# Optical Forums > Optical and Ophthalmic Equipment >  HELP! Briot Accura CX - Stylus not moving

## sunglasses0

I have a Briot Accura CX which I have been using for half a year now with no issues.

Few days ago I powered it on to do a large batch of jobs and it came up with a message - Battery Voltage Low.

I did not think much of it as it did not affect operation of the machine and I was able to complete all the jobs.

Yesterday I powered on the machine and as it went through the initial checks where it does all the movements on the scanner and the edger I noticed the stylus did not do any movements.

I then went to do a scan and it came up with a message "Tracer not present".

I tried powering off and on a few times to no avail.

So far from researching the internet I found that to fix the Battery Voltage Low issue I must leave the machine powered on for 14 days.

However, is there anything I can do for the stylus issue?

I am in UK and the technician contact I have said he will be available in 3 weeks time to look into repairing this problem.

Is there anything I can do while I wait in case it is a simple fix?

I have not even been able to figure out how to open the top cover of the to have a closer look. I have the key for machine, but the cover does not lift off. Also the Briot Manual does not say how to open the top cover.

Any advice would be appreciated.

----------


## jefe

To open the machine, there's a place for a key-type thing on the upper part of the back of the cover.  Once it's unlocked, the cover lifts off.

I always left my machine on to avoid the low battery problem.

That machine has issues with a special ribbon cable linked to the stylus.  It twists and turns every time one traces a frame or lens.  Once it gets worn, there are problems with tracer, and the only solution is to replace the expensive ribbon cable.

I owned an Accura seven years ago, and I was very happy to throw it away.

----------


## sunglasses0

I think all I can do is just open it up and inspect the ribbon cable in that case.

However I cannot figure out how to open the machine. I do not want to damage anything, but after turning the key whichever way the machine still does not want to open up.

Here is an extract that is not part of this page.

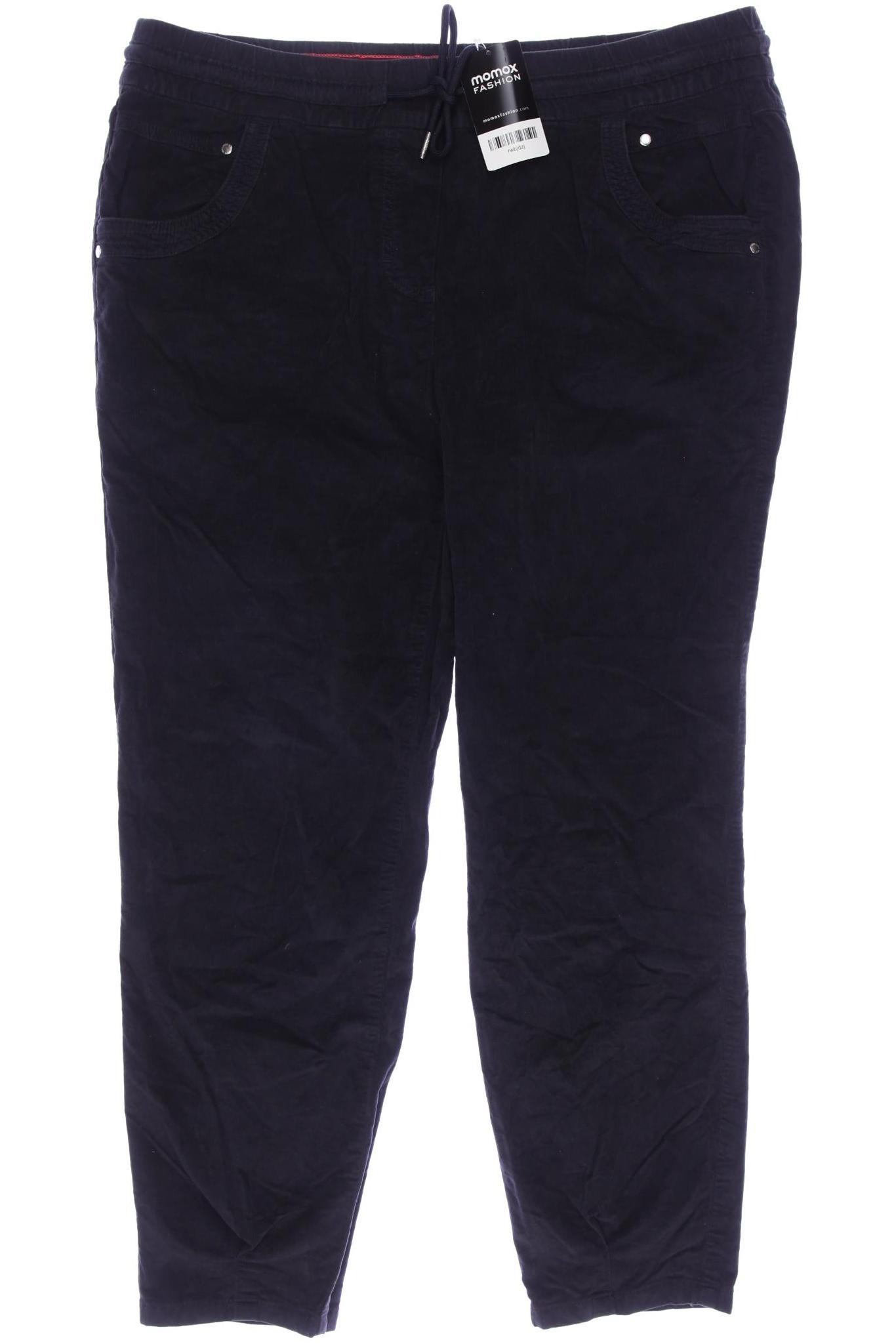 

Cecil Damen Stoffhose, marineblau, Gr. 0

The key that I was using is located above the main "edger guard" door in the middle as seen in picture.

----------


## jefe

> I think all I can do is just open it up and inspect the ribbon cable in that case.
> 
> However I cannot figure out how to open the machine. I do not want to damage anything, but after turning the key whichever way the machine still does not want to open up. The key that I was using is located above the main "edger guard" door in the middle as seen in picture.


Your key is located in a different place than mine.  After turning the key, try tilting the cover toward you.      I don't think it will be helpful to inspect the cable.  It is unlikely to be severed and there may be no visible damage or wear.  One or more of the skinny wires may be cracked or broken.

----------


## theocy

I am so happy that i got rid of this machine and bought myself a nidek edger. Used the accura cx for 10 years. So many problems, so much anxiety. Make yourself a favor and invest into something more reliable.

----------


## edix911

You need to resolder new 2,4V Ni-MH battery on motherboard. Before doing this you can try to do system re-initiation by pressing and holding 3 &⬆simultaneously while powering on your edger. It can temporary solve problems before resoldering new battery.

----------